Laporan wartawan Tribunnews.com, Fahdi Fahlevi
TRIBUNNEWS.COM, JAKARTA - Pengamat hukum internasional Universitas Indonesia, Profesor Hikmahanto Juwana, Ph.D menilai pemerintah Indonesia, khususnya tindakan Presiden Joko Widodo telah berani tegas terhadap Republik Rakyat Cina (RRC).
Ketegasan ini dapat ditunjukan Pemerintah meski Indonesia memiliki banyak hubungan ekonomi dengan Cina.
"Indonesia bersahabat dengan semua, sampai saat kedaulatan kita diganggu. Oleh karenanya, jangan ganggu kedaulatan dan hak berdaulatan Indonesia,” tutur Hikmahanto.
Hal tersebut diungkapkan oleh Hikmahanto dalam diskusi berjudul “Peta Baru China dan Ketegangan Di Perairan Asia Tenggara” yang diselenggarakan oleh Forum Sinologi Indonesia (FSI) di Jakarta.
Rektor Universitas Jenderal Ahmad Yani itu mendukung pemerintah Indonesia untuk tetap konsisten menolak klaim RRC yang ditandai dengan garis putus putus itu.
Pernyataan Hikmahanto menanggapi dirilisnya peta baru RRC yang berisi klaim kepemilikan negara itu atas sebagian besar wilayah Laut Cina Selatan (LCS), termasuk wilayah ZEE Indonesia di perairan dekat Natuna.
"Sikap itu harus terus dipertahankan dengan melakukan tiga hal, pertama kita terus sampaikan bahwa sembilan garis putus putus RRC, yang sekarang berkembang menjadi sepuluh itu, tidak ada, dan sebagai konsekwensinya, maka kita harus melakukan penegakan hukum bila nelayan RRC memasuki ZEE kita untuk mengambil ikan," jelasnya.
"Kedua, kita harus melakukan pengabaian, bila RRC melakukan protes atas upaya ekplorasi dan eksploitasi kekayaan alam kita di wilayah ZEE kita tersebut, dan ketiga, pemerintah Indonesia jangan pernah menginisiasi perundingan untuk wilayah yang tumpang tindih itu, karena di mata Indonesia, klaim kewilayahan RRC di Perairan Natuna Utara tidak ada,” tambah Hikmahanto,
Senada dengan Hikmahanto, Ketua FSI Johanes Herlijanto, M.Si., Ph.D., mendukung respons keras dari berbagai negara terhadap tindakan RRC yang menerbitkan peta yang menerabas wilayah berbagai negara itu.

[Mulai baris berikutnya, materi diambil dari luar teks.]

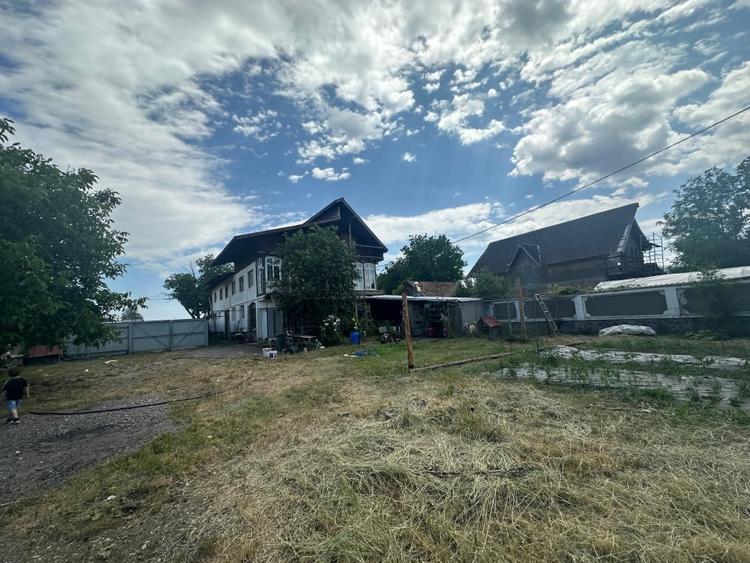 Spațiu comercial, de 300 mp, în Stupini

Pasalnya, tindakan RRC menerbitkan di atas dapat diinterpretasikan sebagai upaya RRC untuk menegaskan bahwa negara itu tetap kukuh dengan klaim kewilayahannya itu.
Menurutnya, ada beberapa interpretasi dari tindakan Cina di atas,” tuturnya.

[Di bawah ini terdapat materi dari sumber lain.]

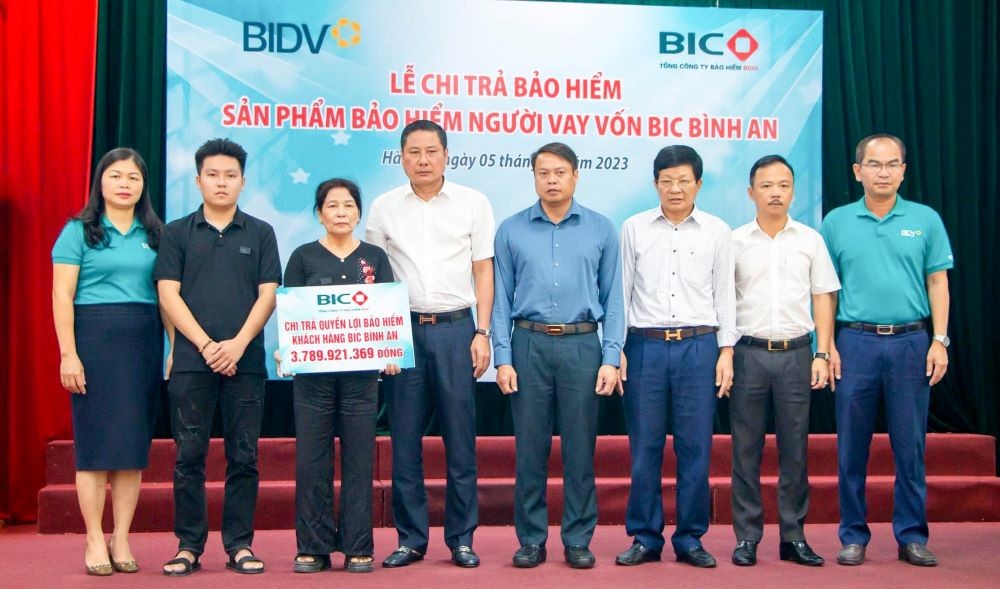 Lãnh đạo BIC và BIDV Hà Tĩnh trao tiền bảo hiểm cho đại diện gia đình khách hàng Lãnh đạo BIC và BIDV Hà Tĩnh trao tiền bảo hiểm cho đại diện gia đình khách hàng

"Pertama adalah interpretasi versi Cina, yang mengatakan bahwa tindakan menerbitkan peta itu adalah tindakan rutin. Kedua adalah analisis yang mengatakan bahwa penerbitan peta tersebut dilakukan untuk kepentingan internal Cina, agar publik Cina melihat keseriusan pemerintah mempertahankan wilayah mereka," ucapnya.
Namun bagi Johanes, penerbitan peta itu utamanya harus dimaknai sebagai upaya Cina memberi signal pada negara-negara kawasan bahwa RRC masih tetap mempertahankan klaimnya di LCS dan beberapa wilayah lain.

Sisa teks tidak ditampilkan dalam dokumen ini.